Below are several entries. Transcribe exactly those lines that fall from the one with "Happy Last Day" through the one with "Under Armour Hot", end lines included.

RECORDS FOR THE EXERCISE:
= Beginning of Section =

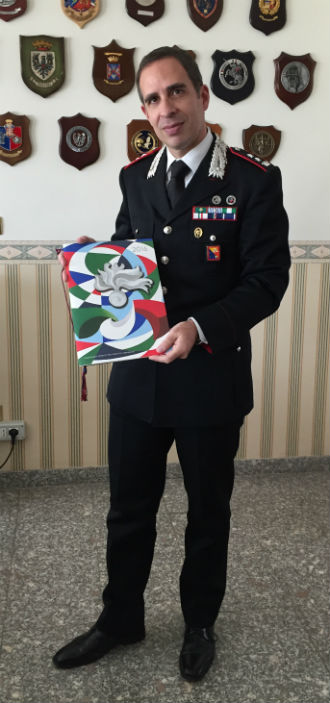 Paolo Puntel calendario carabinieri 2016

= End of Section =
= Beginning of Section =

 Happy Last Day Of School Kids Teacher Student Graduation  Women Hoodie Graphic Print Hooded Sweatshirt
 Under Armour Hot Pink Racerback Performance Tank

= End of Section =
= Beginning of Section =

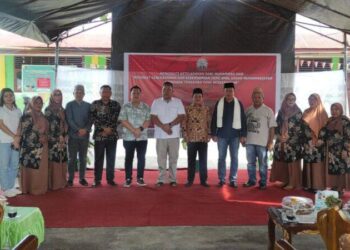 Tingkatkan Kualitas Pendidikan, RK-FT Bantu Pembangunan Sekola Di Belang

= End of Section =

RESULT OF THIS EXERCISE:
 Happy Last Day Of School Kids Teacher Student Graduation  Women Hoodie Graphic Print Hooded Sweatshirt
 Under Armour Hot Pink Racerback Performance Tank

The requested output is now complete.